Uptodai.com - Perundingan damai Ukraina dan Rusia kini memasuki babak baru yang penuh tekanan di tengah eskalasi serangan militer di lapangan. Tepat sebelum delegasi kedua negara bertemu di Swiss, militer Rusia meluncurkan serangan udara besar-besaran yang menyasar infrastruktur energi di berbagai wilayah Ukraina.

Kota pelabuhan Odesa menjadi salah satu titik terdampak paling parah akibat gempuran semalam tersebut yang merusak jaringan listrik secara signifikan. Presiden Ukraina Volodymyr Zelensky mengungkapkan bahwa aksi sabotase udara ini menyebabkan puluhan ribu warga sipil kehilangan akses vital terhadap air bersih dan pemanas ruangan.

Zelensky menegaskan posisi Kyiv yang siap bergerak cepat menuju kesepakatan yang adil demi mengakhiri penderitaan rakyatnya. Namun, ia tetap mempertanyakan keseriusan pihak Kremlin dalam mencapai perdamaian yang berkelanjutan tanpa merugikan kedaulatan Ukraina.

Fokus Teknis di Meja Perundingan Jenewa

Kepala Dewan Keamanan dan Pertahanan Nasional Ukraina, Rustem Umerov, memimpin langsung delegasi dalam pembicaraan intensif di Jenewa. Ia menyampaikan bahwa diskusi pada hari pertama lebih banyak menyentuh aspek praktis serta mekanisme implementasi dari setiap keputusan yang mungkin diambil nantinya.

Meskipun suasana diplomasi mulai terbuka, Umerov mengingatkan semua pihak agar tidak memiliki ekspektasi yang berlebihan terhadap hasil pertemuan ini. Ia menekankan bahwa timnya bekerja dengan penuh kehati-hatian guna memastikan setiap poin perjanjian tidak menjadi jebakan politik di masa depan.

Di sisi lain, perwakilan dari Moskow cenderung menutup diri dari kejaran awak media terkait detail pembicaraan yang berlangsung.
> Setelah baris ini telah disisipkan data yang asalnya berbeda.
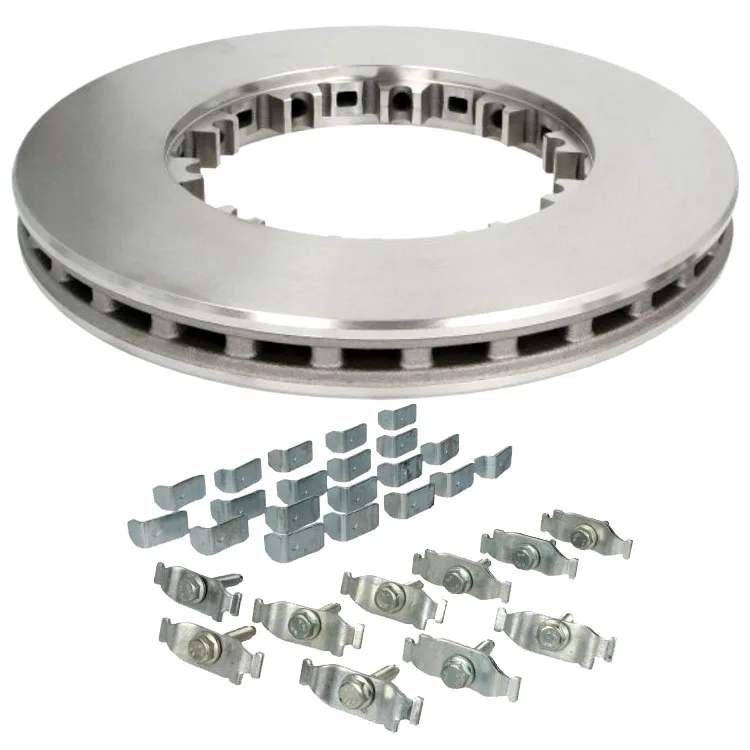 DAF Brake Disc 1387439 1640561 1726138 1812563 1812582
Namun, sumber internal menyebutkan bahwa atmosfer di dalam ruang sidang sangat tegang selama sesi diskusi yang berlangsung selama enam jam nonstop.
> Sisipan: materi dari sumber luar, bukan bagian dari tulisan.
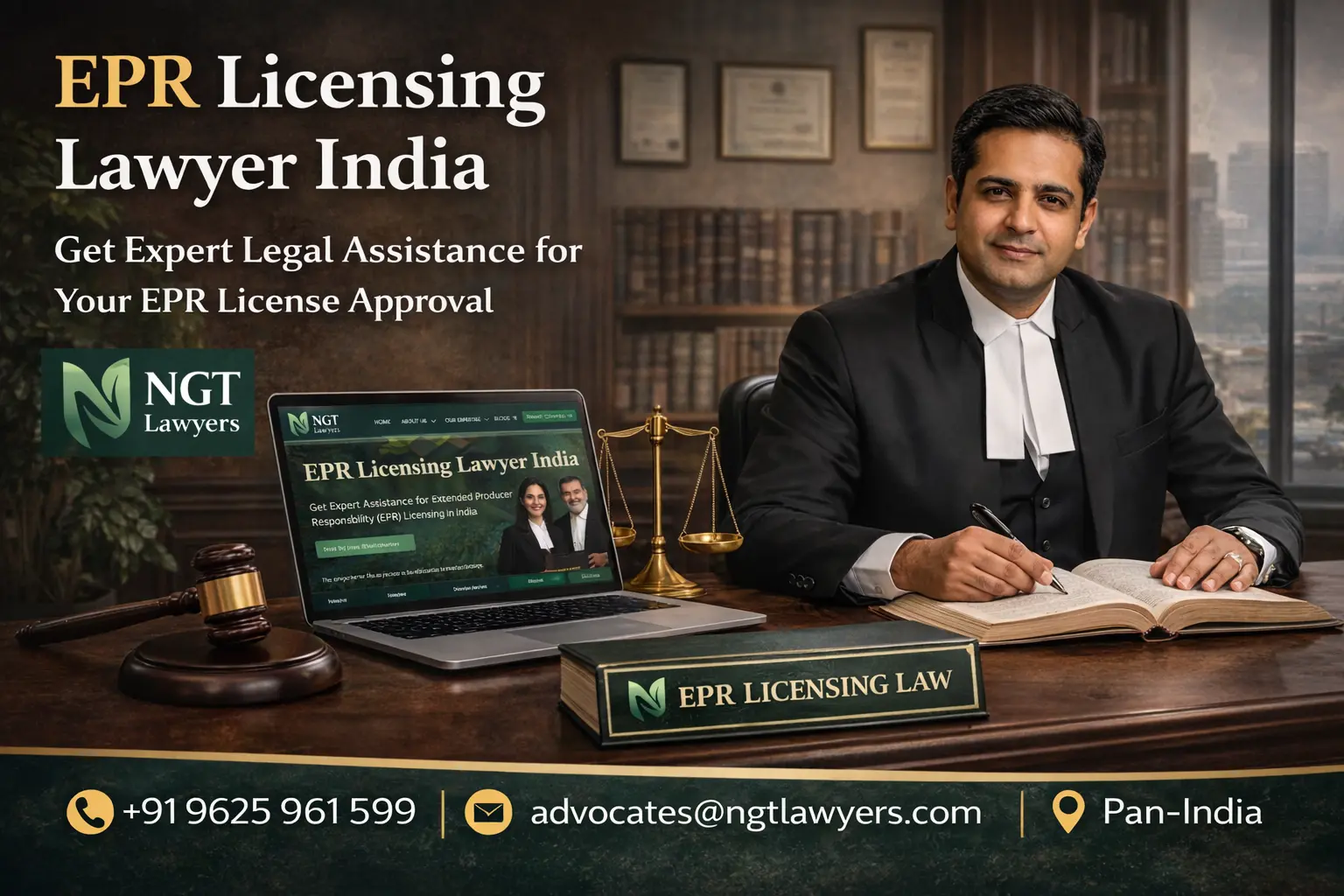 EPR Licensing Lawyer India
Tekanan Donald Trump dan Diplomasi Cepat

Situasi semakin kompleks menyusul adanya tekanan Donald Trump ke Ukraina agar segera menyepakati gencatan senjata dengan pihak Rusia. Trump secara terbuka memperingatkan Zelensky untuk segera mengambil keputusan pahit di meja perundingan demi menghentikan aliran bantuan perang yang membebani anggaran.

Saat berada di atas pesawat Air Force One, Trump memberikan pernyataan tegas kepada wartawan mengenai urgensi kecepatan bagi pihak Kyiv. Ia menilai bahwa semakin lama Ukraina menunda kesepakatan, maka posisi tawar mereka akan semakin melemah di hadapan kekuatan militer Rusia.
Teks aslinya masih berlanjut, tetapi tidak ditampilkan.